Il logo: dal concorso universitario al simbolo della città
A chiudere la mattinata è stata la presentazione di Francesco Pelosi fondatore di SunTimes SRL del logo ufficiale “La Spezia Città Creativa UNESCO per il Design”, realizzato attraverso un concorso promosso dal Comune con il supporto tecnico dell’agenzia SUNSPACE, realtà digitale indipendente con sede in città. L’agenzia ha spiegato di aver voluto coinvolgere direttamente gli studenti del polo universitario cittadino, bandendo un concorso rivolto ai giovani designer del territorio. Dopo una selezione tecnica e la valutazione di una giuria, è stato scelto il progetto di Marco Esposito, premiato sul palco dal Sindaco e dal Presidente di Promostudi Simone Lazzini. Il logo lega simbolicamente terra e mare: due frecce – due “cursori” – puntano verso l’esterno, richiamando l’export e la vocazione internazionale della città. Tra gli spazi grafici emerge una “S”, la S di Spezia, disegnata nello spazio bianco centrale e collocata idealmente sul Golfo. Il blu dominante richiama le profondità marine, mentre le linee interne evocano il know-how tecnico e le stratificazioni progettuali tipiche della nautica. Un segno grafico che vuole rappresentare non solo un titolo, ma una direzione: apertura, innovazione, proiezione internazionale.
Dalla storia dell’Arsenale alla visione industriale, dalle richieste di nuovi spazi alla nascita di un simbolo condiviso, la giornata in Sala Dante ha messo un punto fermo: La Spezia è oggi meritatamente Città Creativa UNESCO per il Design. Ora si tratta di trasformare il riconoscimento in sviluppo concreto.

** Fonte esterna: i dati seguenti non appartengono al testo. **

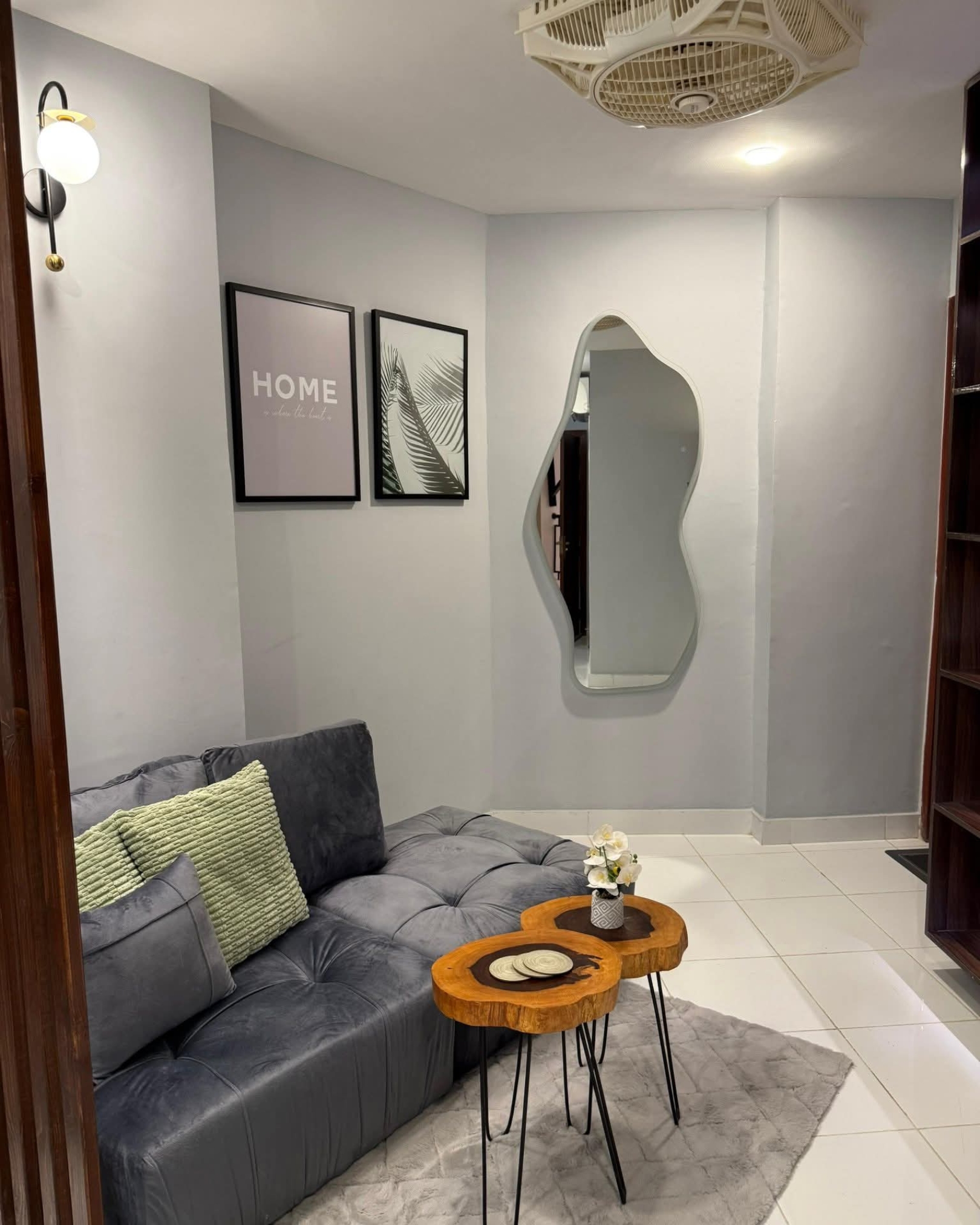 4 Grey chaise sofa and wooden coffee tables beneath framed prints, with an irregular mirror on the light grey wall.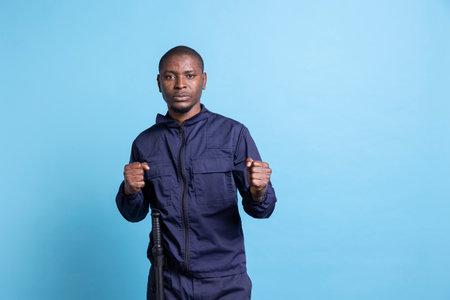 Professional security agent with clenched fists is ready for a fight in studio, throw punches while on protection and defense duty. Guard protecting the premises, taking safety measures and fighting.の写真素材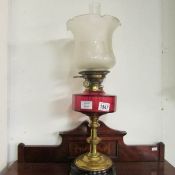 A Victorian oil lamp with cranberry glass font,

Servizio fotografico by Obiettivo Spezia
Nata nel 2004, la Rete delle Città Creative Unesco è un’iniziativa pensata per favorire la cooperazione tra città che utilizzano la creatività per lo sviluppo urbano sostenibile. La Rete si divide in otto ambiti: Architettura, Artigianato e Arte Popolare, Cinema, Design, Gastronomia, Letteratura, Media Arts, Musica.
Tra gli obiettivi della Rete delle Città Creative figura quello di diventare un vero e proprio laboratorio di idee e di esperienze innovative, sfruttando le potenzialità offerte da cultura e creatività per lo sviluppo sostenibile.